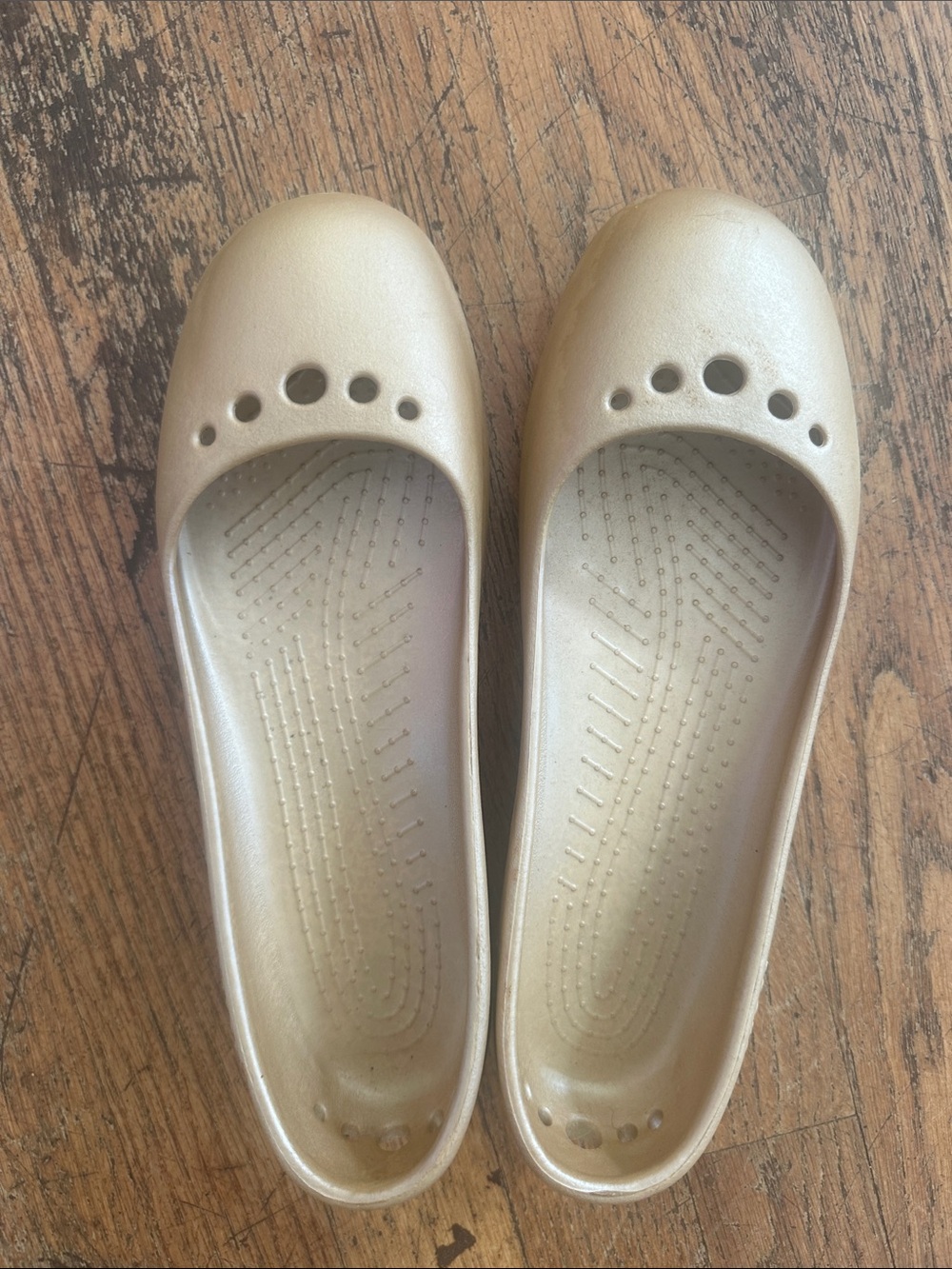 CROCS Women's Metallic Champagne Slip-On Ballet Flats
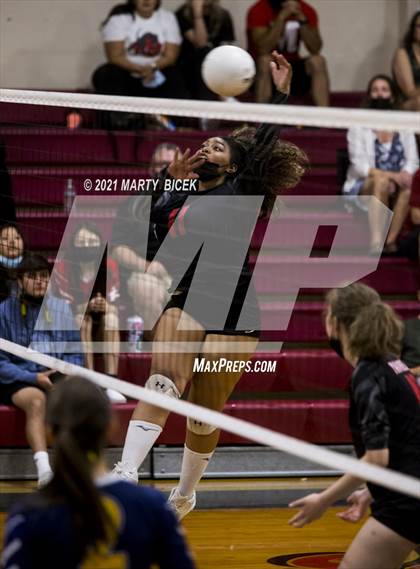Thumbnail 1 in Gregori @ Modesto photogallery.
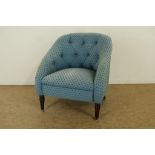 Hoefvormig fauteuil met blauwe stoffering op houten pootjes, Engeland.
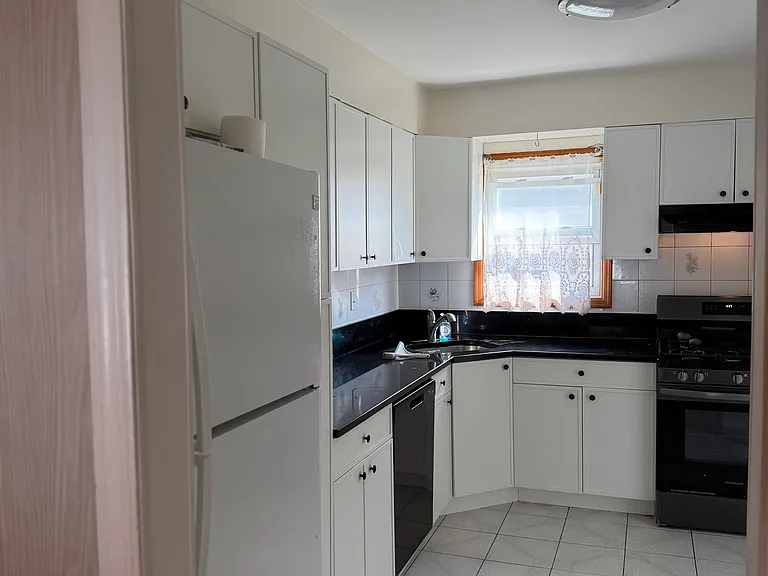 2306 Lincoln St — Photo 8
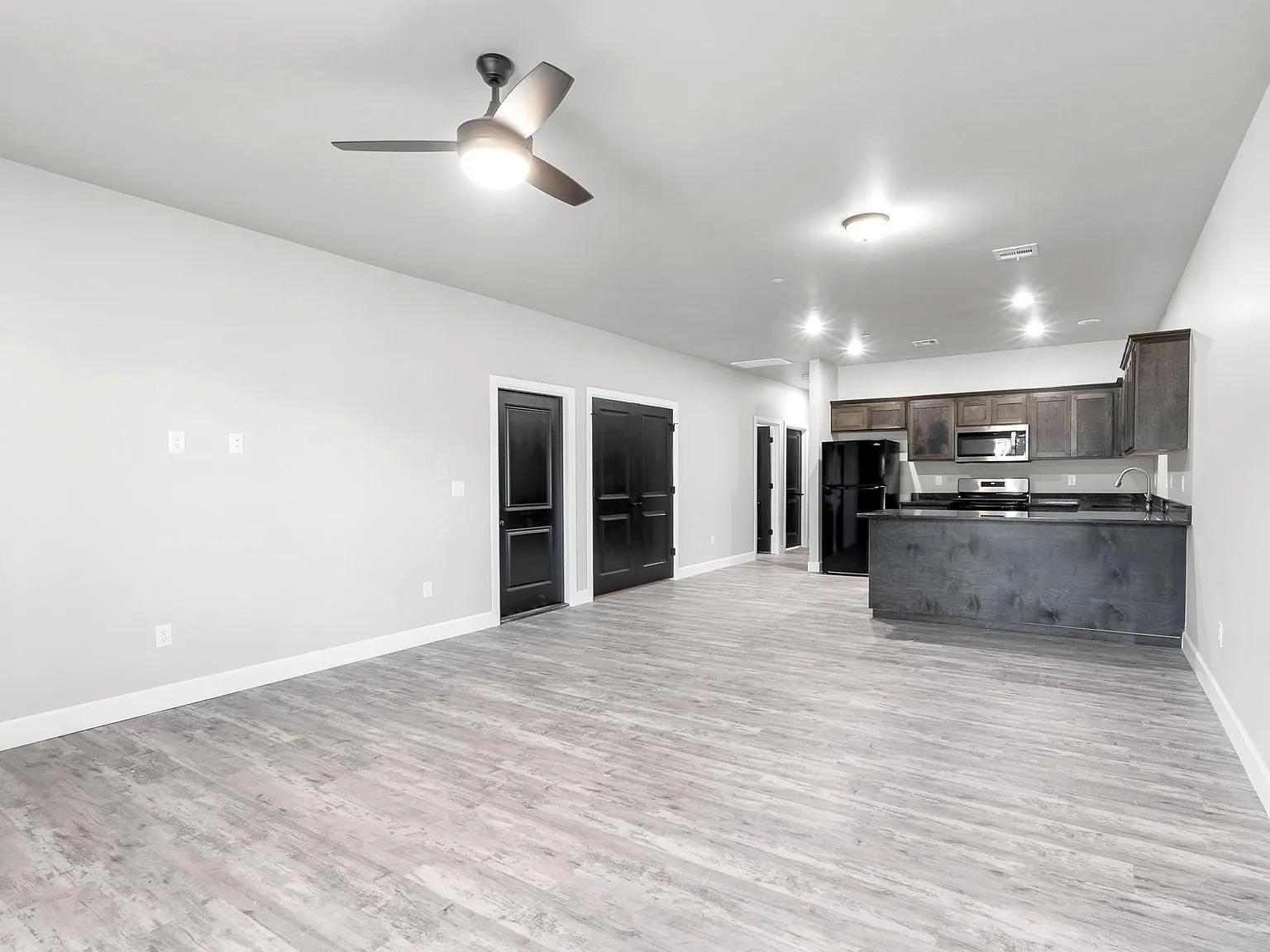 2 bed, 1122 sqft, $1,450 — Photo 3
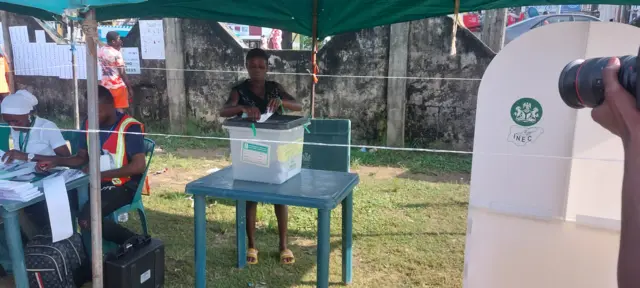 Woman dey cast her vote for Bayelsa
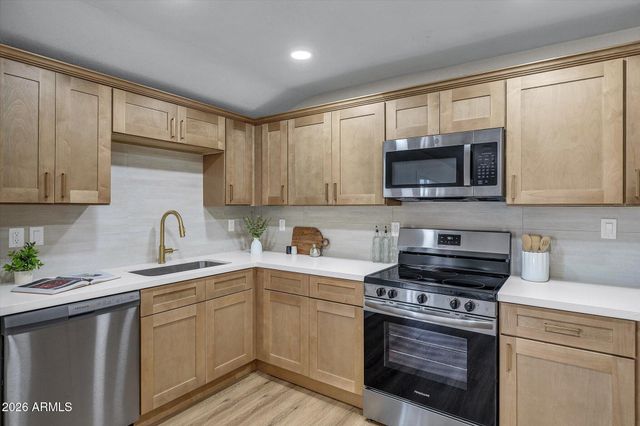 10418 E ALBANY Street, Apache Junction, AZ 85120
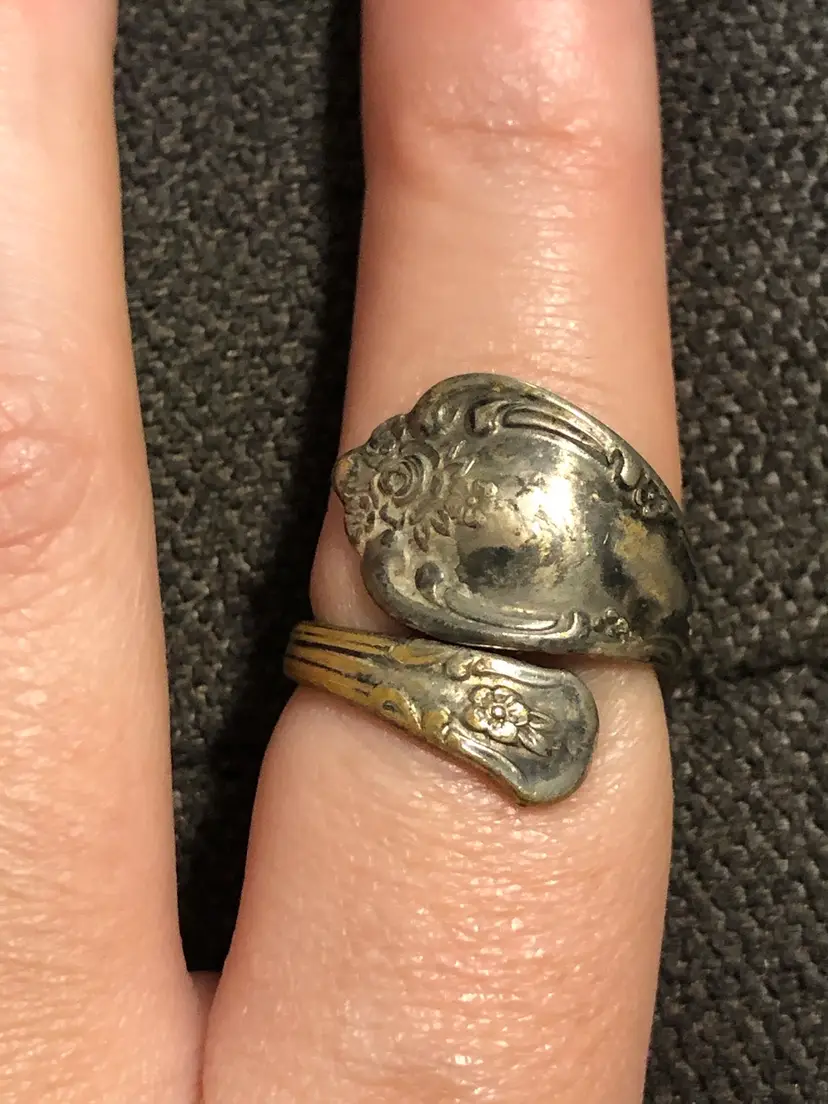 Vintage WM.A. Rogers Oneida Signed Silver Plated Spoon Ring Adjustable Size 7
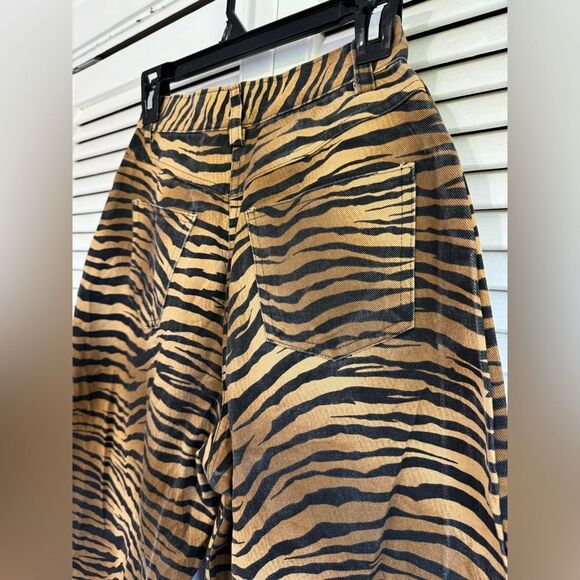 Animal tiger print wide leg high wasted jeans Women’s medium - Picture 1 of 9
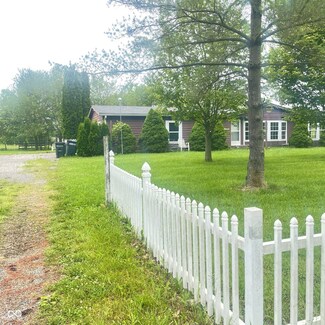 9136 S County Road 100 E, Clayton, IN 46118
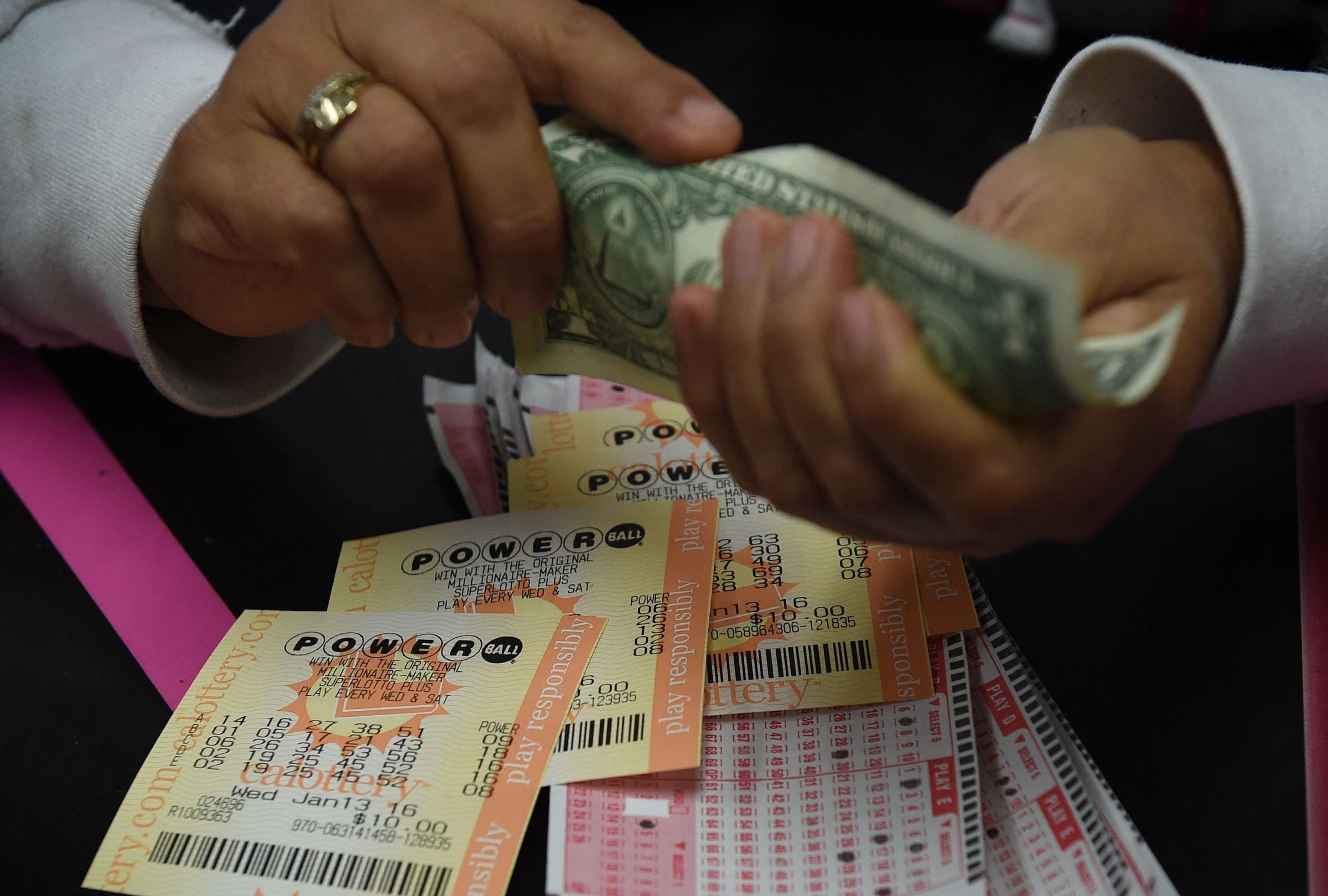 Revisa esta nota para que descubras quién ganó el Powerball hoy, lunes 2 de marzo, en EE.UU. (Foto: MARK RALSTON / AFP)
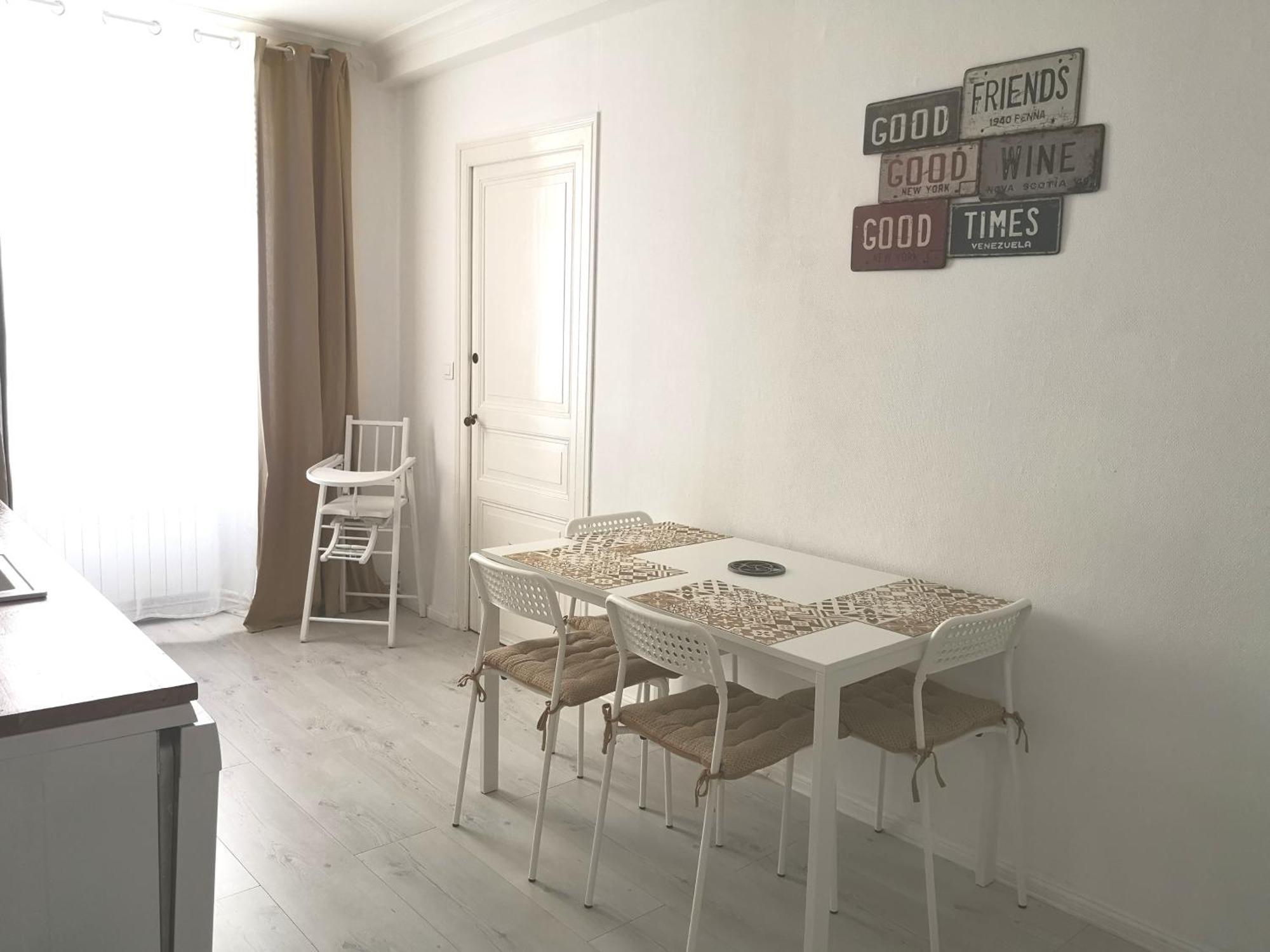 La Demeure Des Artistes - Quartier Historique Villa Saintes Luaran gambar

━━━

Task details
Where an entry contains an image, drop the image and copy everything else word for word.

Result for this task
 CROCS Women's Metallic Champagne Slip-On Ballet Flats
Thumbnail 1 in Gregori @ Modesto photogallery.
 Hoefvormig fauteuil met blauwe stoffering op houten pootjes, Engeland.
 2306 Lincoln St — Photo 8
 2 bed, 1122 sqft, $1,450 — Photo 3
 Woman dey cast her vote for Bayelsa
 10418 E ALBANY Street, Apache Junction, AZ 85120
 Vintage WM.A. Rogers Oneida Signed Silver Plated Spoon Ring Adjustable Size 7
 Animal tiger print wide leg high wasted jeans Women’s medium - Picture 1 of 9
 9136 S County Road 100 E, Clayton, IN 46118
 Revisa esta nota para que descubras quién ganó el Powerball hoy, lunes 2 de marzo, en EE.UU. (Foto: MARK RALSTON / AFP)
 La Demeure Des Artistes - Quartier Historique Villa Saintes Luaran gambar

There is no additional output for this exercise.